(Records excerpted from a collection)
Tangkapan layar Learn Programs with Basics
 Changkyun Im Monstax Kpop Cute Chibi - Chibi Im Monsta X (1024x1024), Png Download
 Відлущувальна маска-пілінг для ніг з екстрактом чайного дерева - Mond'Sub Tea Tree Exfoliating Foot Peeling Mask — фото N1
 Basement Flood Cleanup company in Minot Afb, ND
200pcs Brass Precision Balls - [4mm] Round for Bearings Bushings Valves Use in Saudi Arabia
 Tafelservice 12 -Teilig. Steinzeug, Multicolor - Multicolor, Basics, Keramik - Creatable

#### Problem to solve
Give an exact copy of all the data shown above.

#### Reply to the exercise
Tangkapan layar Learn Programs with Basics
 Changkyun Im Monstax Kpop Cute Chibi - Chibi Im Monsta X (1024x1024), Png Download
 Відлущувальна маска-пілінг для ніг з екстрактом чайного дерева - Mond'Sub Tea Tree Exfoliating Foot Peeling Mask — фото N1
 Basement Flood Cleanup company in Minot Afb, ND
200pcs Brass Precision Balls - [4mm] Round for Bearings Bushings Valves Use in Saudi Arabia
 Tafelservice 12 -Teilig. Steinzeug, Multicolor - Multicolor, Basics, Keramik - Creatable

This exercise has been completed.